(Data supplied begins)
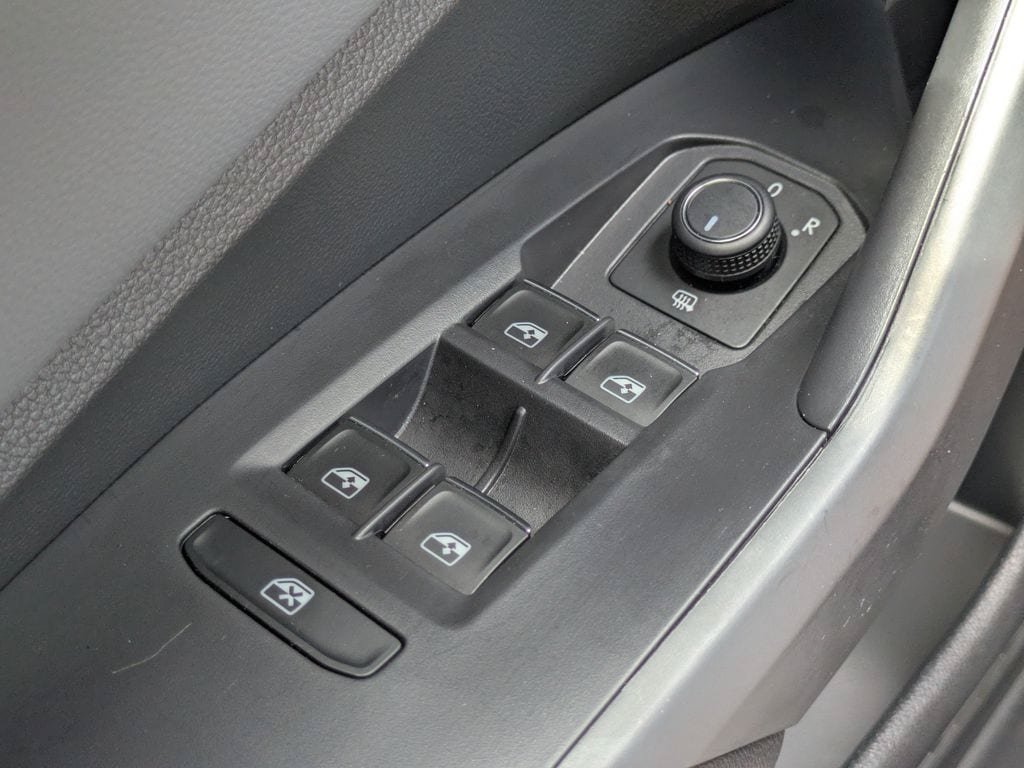 Certified 2026 Volkswagen Jetta SEL FWD image 24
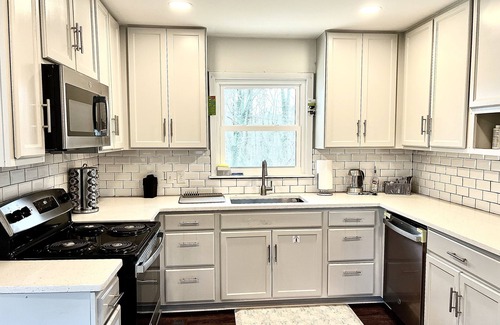 Greensboro House | Centrally Located Cozy House,2 king beds,Game Room
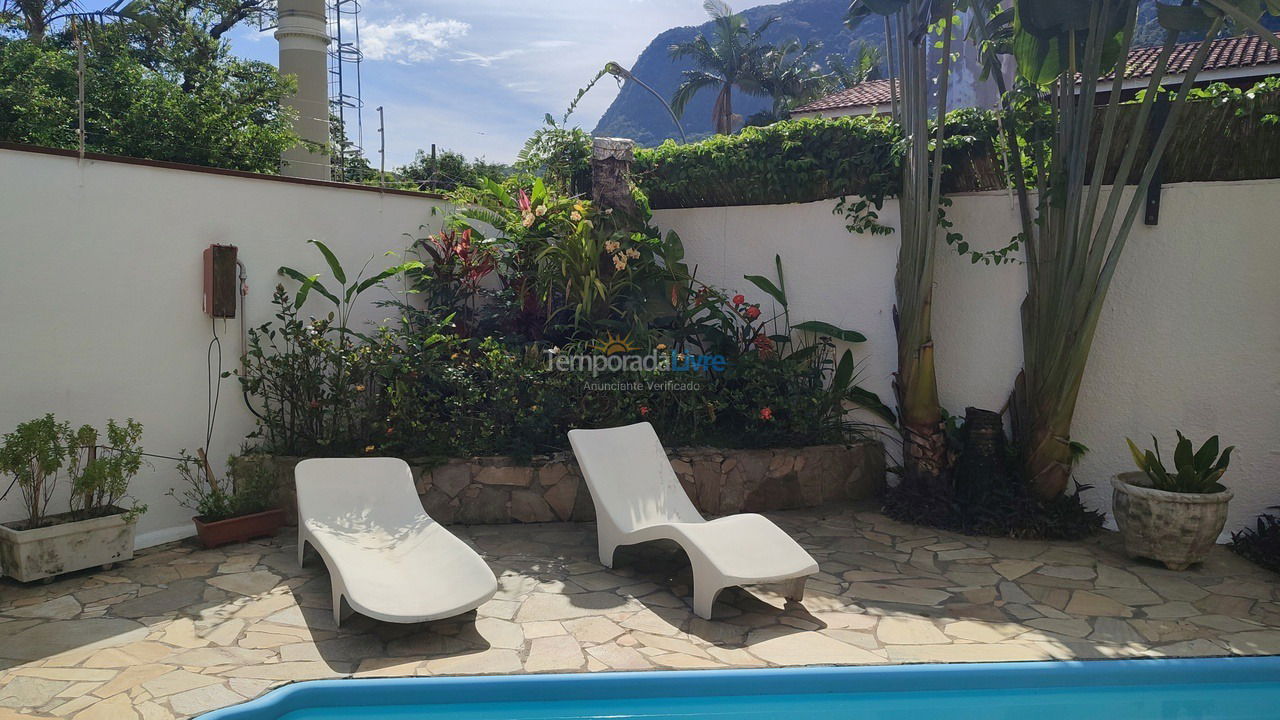 Casa para aluguel de temporada em São Sebastião (Guaecá)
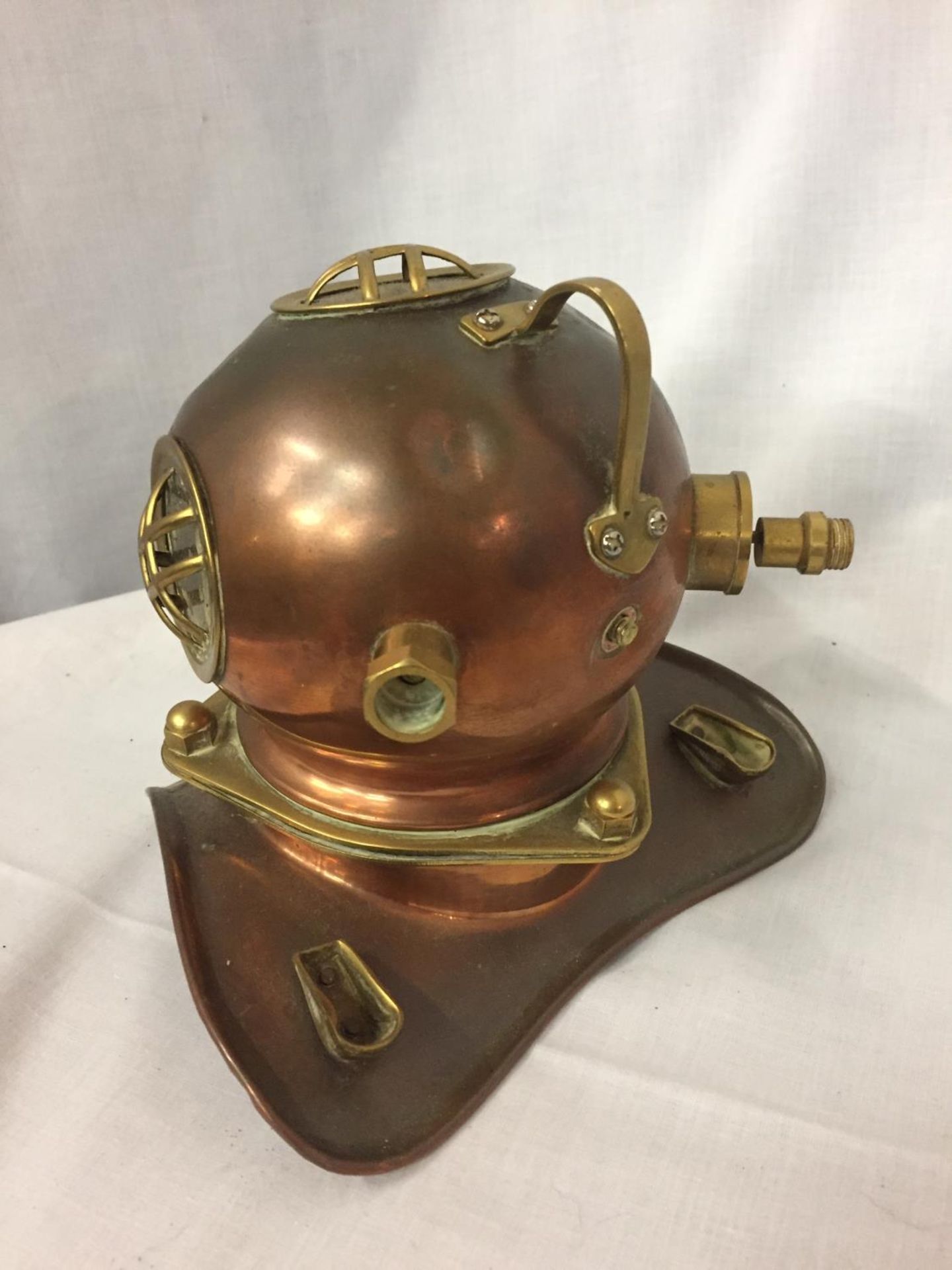 A COPPER AND BRASS DEEP SEA DIVERS HELMET ORNAMENT HEIGHT 17CM, WIDTH 20CM - Image 3 of 3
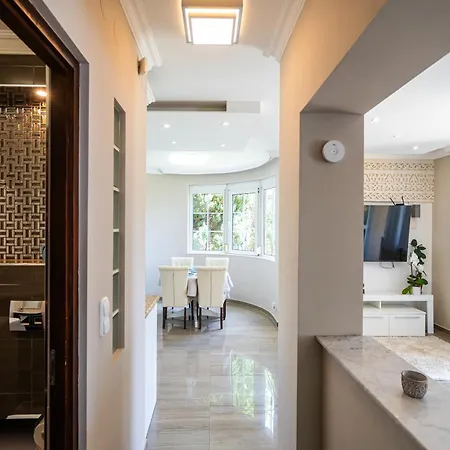 Estike Apartmanhaz Апартаменты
(Data supplied ends)
• What you need to do
From the line with "Casa para aluguel" to the final line of the entries above, reproduce each line exactly and nothing else; the pictures stay out.

• Written reply
 Casa para aluguel de temporada em São Sebastião (Guaecá)
 A COPPER AND BRASS DEEP SEA DIVERS HELMET ORNAMENT HEIGHT 17CM, WIDTH 20CM - Image 3 of 3
 Estike Apartmanhaz Апартаменты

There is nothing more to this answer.